In one implementation, a system (200) may be disposed at or communicate with the well site (100). System (200) may control at least a portion of a drilling operation at the well site (100) by providing controls to various components of the drilling operation. In one or more embodiments, system (200) may receive data from one or more sensors (160) arranged to measure controllable parameters of the drilling operation. As a non-limiting example, sensors (160) may be arranged to measure WOB (weight on bit), RPM (drill string rotational speed), GPM (flow rate of the mud pumps), and ROP (rate of penetration of the drilling operation). Sensors (160) may be positioned to measure parameter(s) related to the rotation of the drill string (108), parameter(s) related to travel of the traveling block (122), which may be used to determine ROP of the drilling operation, and parameter(s) related to flow rate of the pump (134). For illustration purposes, sensors (160) are shown on drill string (108) and proximate mud pump (134). The illustrated locations of sensors (160) are not intended to be limiting, and sensors (160) could be disposed wherever drilling parameters need to be measured. Moreover, there may be many more sensors (160) than shown in FIG. 1 to measure various other parameters of the drilling operation.

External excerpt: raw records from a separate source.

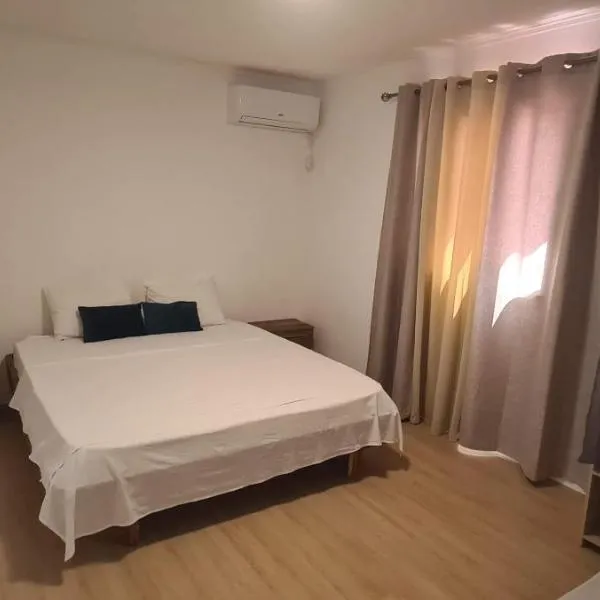 Paradies Caraibes IV, hotel i Les Abymes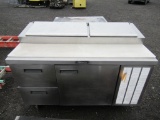 60'' REFRIGERATED SANDWICH PREP COUNTER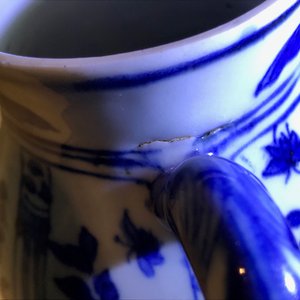 Een Chinese blauwwitte kan met floraal decor, Wanli — foto 9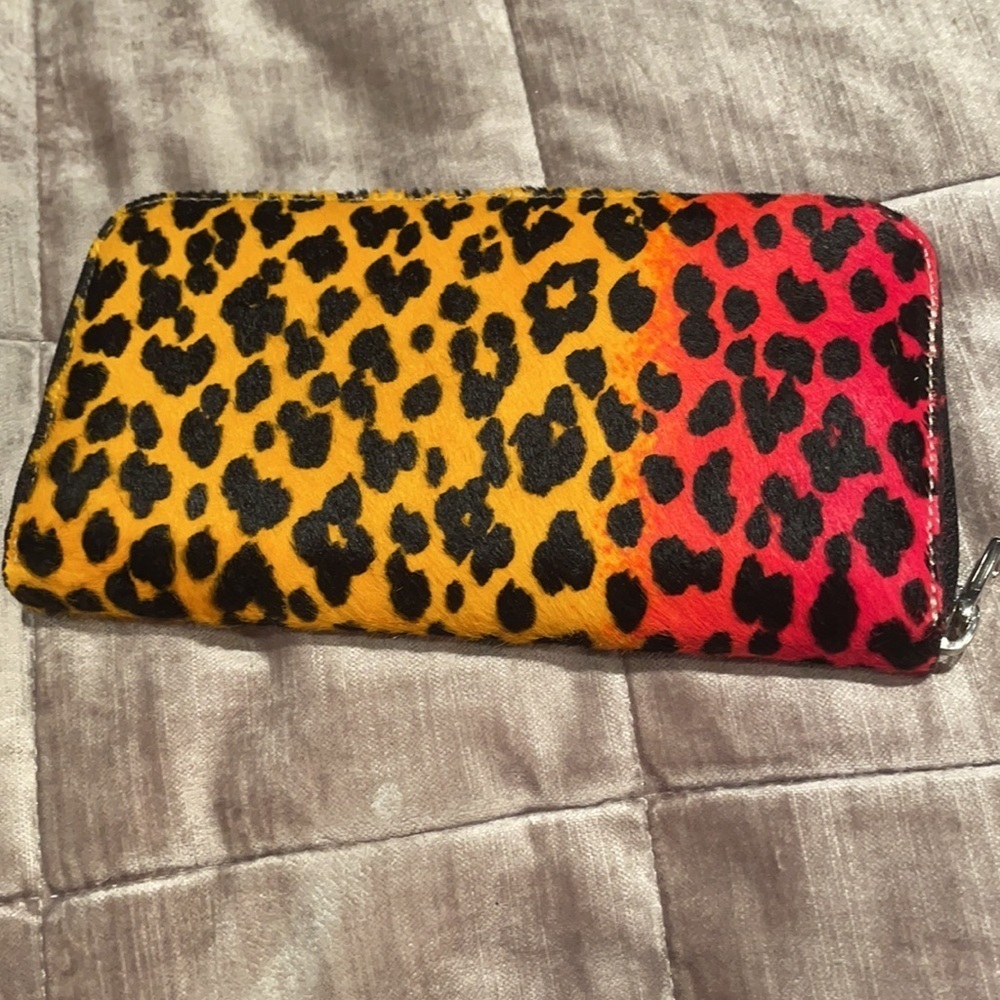 Pretty Ballerinas Zip Animal Print Wallet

Each sensor (160) may be configured to measure a desired physical stimulus.
During a drilling operation at the well site (100), the drill string (108) is rotated relative to the wellbore (102), and weight is applied to the drill bit (112) to enable the drill bit (112) to break rock as the drill string (108) is rotated. In some cases, the drill bit (112) may be rotated independently with a drilling motor. In further embodiments, the drill bit (112) may be rotated using a combination of the drilling motor and the top drive (130) (or a rotary swivel if a rotary table is used instead of a top drive to rotate the drill string (108)). While cutting rock with the drill bit (112), mud is pumped into the drill string (108). The mud flows down the drill string (108) and exits into the bottom of the wellbore (102) through nozzles in the drill bit (112). The mud in the wellbore (102) then flows back up to the surface in an annular space between the drill string (108) and the wellbore (102) with entrained cuttings. The mud with the cuttings is returned to the pit (132) to be circulated back again into the drill string (108). Typically, the cuttings are removed from the mud, and the mud is reconditioned as necessary, before pumping the mud again into the drill string (108). In one or more embodiments, the drilling operation may be controlled by the system (200).

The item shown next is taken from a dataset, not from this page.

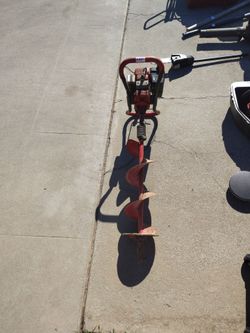 Gas-Powered One-Man Earth Auger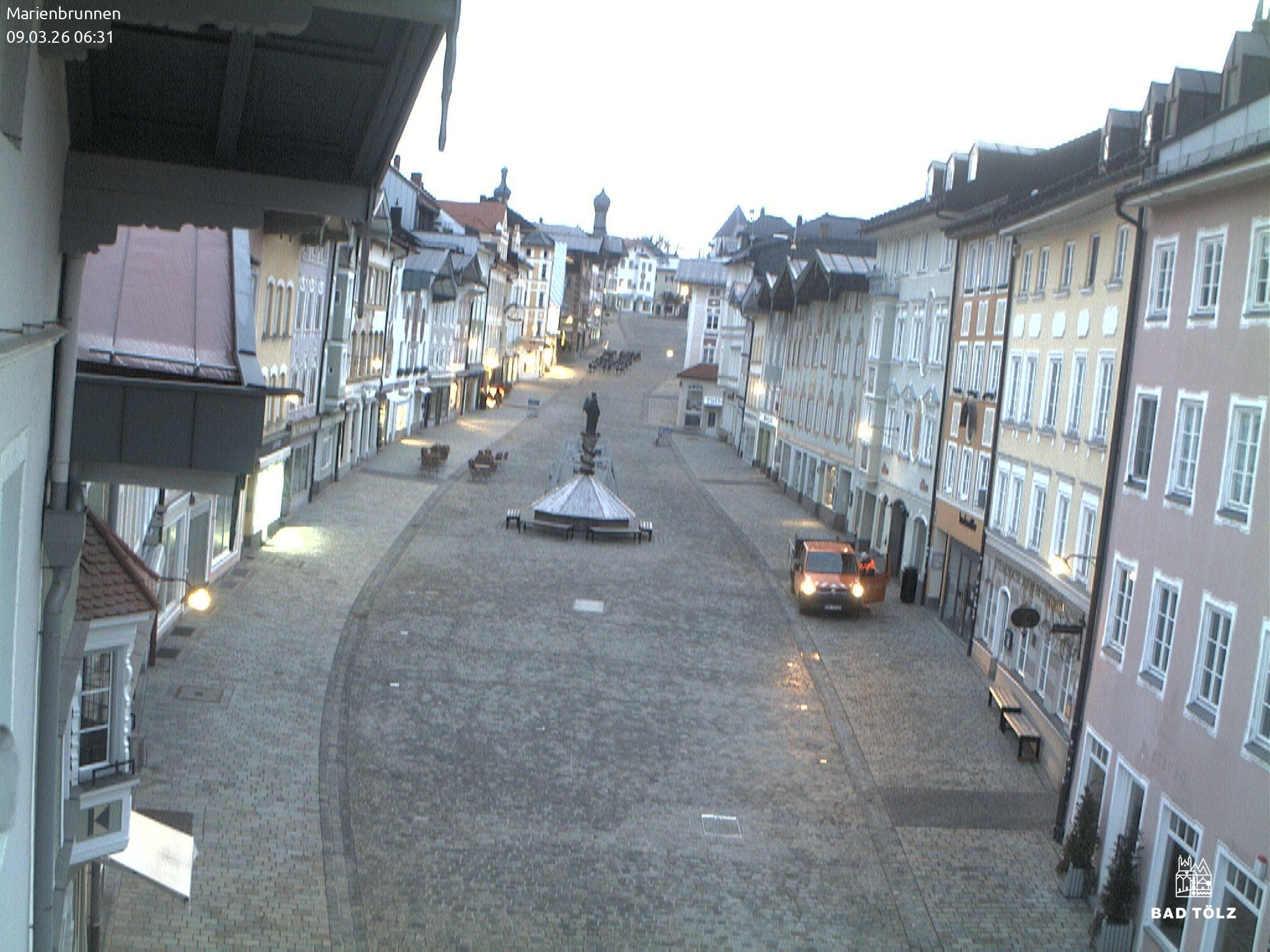 Archiv Foto Webcam Blick auf den Marienbrunnen Bad Tölz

FIG. 2 depicts, in one or more embodiments, a proposed layout of a single trip liner and tie-back system (202), herein named “the single trip system (202)”. The depicted single trip system (202) may allow a liner string (214) to be run into a wellbore (218) in tandem with a tie-back casing string (210). The liner string (214) may be comprised of a float shoe (240). A float shoe (240) may have a float valve (238) which helps in well control and possible floating of the casing. The float valve (238) is installed to allow forward flow of fluids, but will prevent reverse flow, or u-tubing, from occurring. The float shoe (240) also helps guide the liner string (214) into the center of the wellbore (218) to avoid hitting any obstructions, such as ledges or washouts, that exist. The float shoe (240) helps guide the liner string (214) in the wellbore (218) by the shape of the float shoe's (240) nose.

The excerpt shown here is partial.